PROVIDED DATA ▸
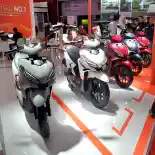 Kolaborasi Pabrikan Lokal dan Global, Bikin Kendaraan Listrik Makin Ramai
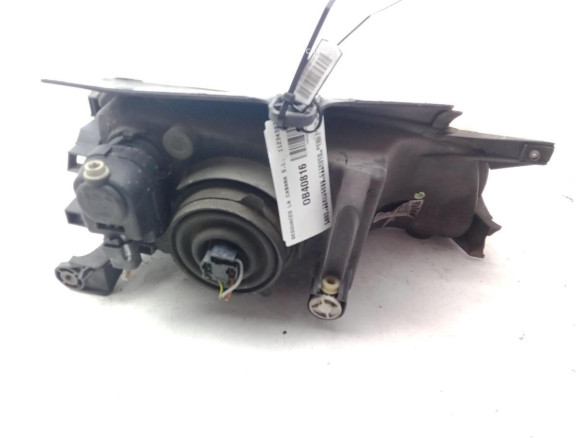 FARO IZQUIERDO CITROEN BERLINGO / BERLINGO FIRST Limusina (MF)|Desguaces La Cabaña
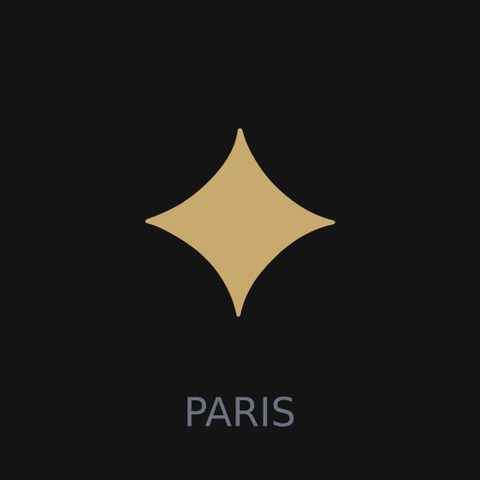 Paris Trip Companion App-Icon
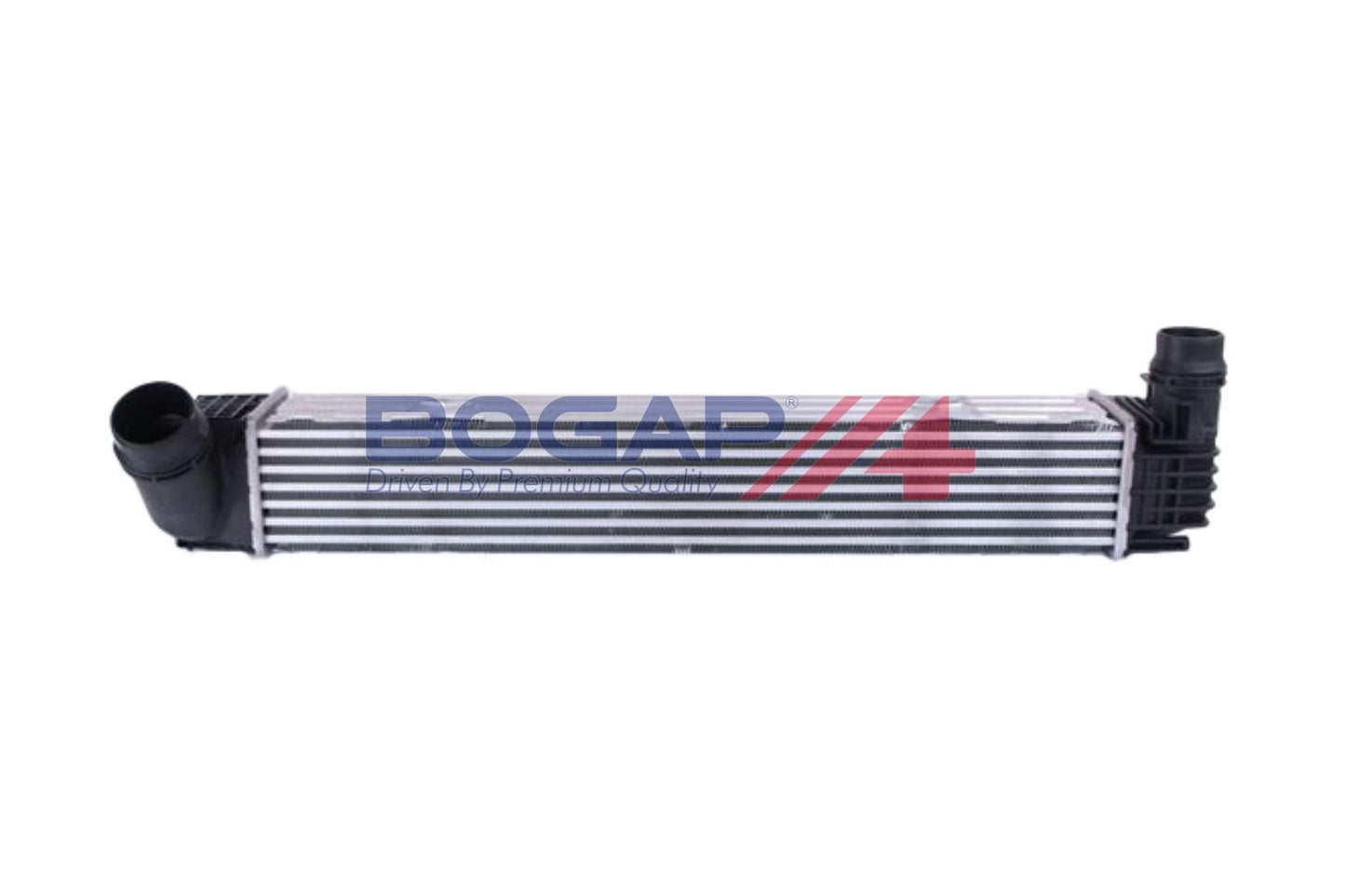 BOGAP R4220113 Charge Air Cooler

HOW TO COMPLETE THIS TASK ▸
From the line containing "FARO IZQUIERDO CITROEN" to the last line of the listing above, transcribe each line exactly, skipping the pictures.

ANSWER AREA ▸
 FARO IZQUIERDO CITROEN BERLINGO / BERLINGO FIRST Limusina (MF)|Desguaces La Cabaña
 Paris Trip Companion App-Icon
 BOGAP R4220113 Charge Air Cooler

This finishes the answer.